Closing costs on a real estate transaction can add up to a substantial amount, and unexpected costs can be a very unpleasant surprise for either the buyer or seller. It's important to understand all the costs associated with buying or selling real estate, and one often overlooked cost is the conveyance tax.
If you understand what a conveyance tax is, who pays it, and how to calculate it, you'll have a much better idea of what to expect when it comes time to close the deal.
What is conveyance tax?
A conveyance tax is a tax paid on the real estate transfer process (also called "conveyancing") and levied by the state, county, or local municipality. The amount of conveyance tax paid is typically based on the sale price of the property, and the tax rate varies between different states and counties.
Depending on the area, the conveyance tax may be a percentage of the sale price or a set amount per $100, $500, or $1,000 of the sale price. However, some states don't charge a conveyance tax at all.
The conveyance tax is also often referred to as a real estate transfer tax or documentary transfer tax. The term used may vary depending on the state.
A conveyance tax may be imposed on any type of real property, depending on the state. This means a real estate conveyance tax may have to be paid whether the property is vacant land, a residential property, or commercial real estate.
Who pays conveyance tax?
A question that often comes up is whether the seller or buyer is responsible for paying the transfer tax. Some states have rules as to who's responsible for the tax, but most states don't care who pays it as long as it's paid. Even in states that don't have a rule as to who pays the transfer fee, it's usually customary for it to come out of the seller's proceeds.

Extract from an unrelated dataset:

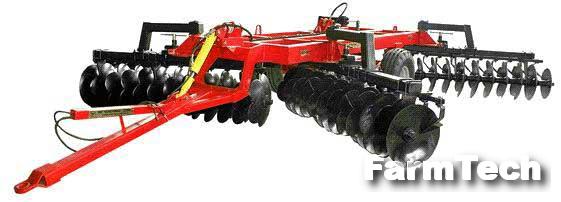 Борона дисковая тяжелая Белагромаш-Сервис БДТ-5,2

If the real estate sale is handled by a title company, the transfer tax will usually be paid out of the sale proceeds at closing. In other cases, the conveyance tax will have to be paid to the town clerk when the deed is filed.
Whether the conveyance tax gets paid by the buyer or seller, it's important to negotiate this piece of the deal before signing the purchase agreement. It could be a significant amount of money in some states, so it's best not to wait to negotiate that at the closing table or town clerk's office.
How to calculate conveyance tax on a real estate transaction
How the conveyance tax is calculated will depend on the city, county, and state the property is in. In most cases, you'll only be looking at a county and state or even just a state conveyance tax. However, some cities charge a municipal conveyance tax as well.
For instance, the City of Chicago charges a local conveyance tax of $5.25 per $500 of the sales price. That's quite significant considering the State of Illinois only charges $0.50 for each $500.
Calculating the tax rate for property sold in Arizona is quite simple, because they simply charge a flat $2. However, most states base their conveyance fee on the sales price. For instance, Michigan charges a transfer tax of $7.50 per $1,000. If a property is sold in Detroit, a tax of $1.10 per $1,000 would also have to be paid to Wayne County in addition to the state tax. Here's how you would do the math:
Purchase price: $120,000
State conveyance tax: $7.50 per $1,000
County conveyance tax: $1.10 per $1,000
Total conveyance tax: $8.60 per $1,000
Since the tax is per thousand, you would divide the purchase price by $1,000
$120,000 / $1,000 = 120
$8.60 x 120 = $1,032
So, in this case, a conveyance tax of $1,032 would have to be paid when the deed is filed.
Now let's say it was a multifamily property being sold for $5 million in the same city. The conveyance tax on that deal would be $43,000. This is a great example of why you want to calculate the tax amount ahead of time and agree on who's paying it before you're sitting at the closing table.
In most states the conveyance tax is paid when the deed is recorded, so what does this mean on deals that involve a land contract?
Since a deed isn't typically recorded until the land contract is paid off, the transfer tax isn't paid until then either. This is important to understand, especially if the land contract doesn't have a balloon payment. The seller could be stuck coming out of pocket for the conveyance tax after they receive their last payment if they're not prepared.
The Millionacres bottom line
Unfortunately, there's no clear-cut answer as to how much the conveyance tax on a real estate transaction is going to be or who's going to pay it. The most important thing to take away is that you'll want to find out early on in a deal what the tax rate is and how many conveyance taxes will have to be paid on the deal. You also want to establish who's going to be responsible for it to avoid any last-minute surprises. We all know that real estate transactions come with enough of those as it is.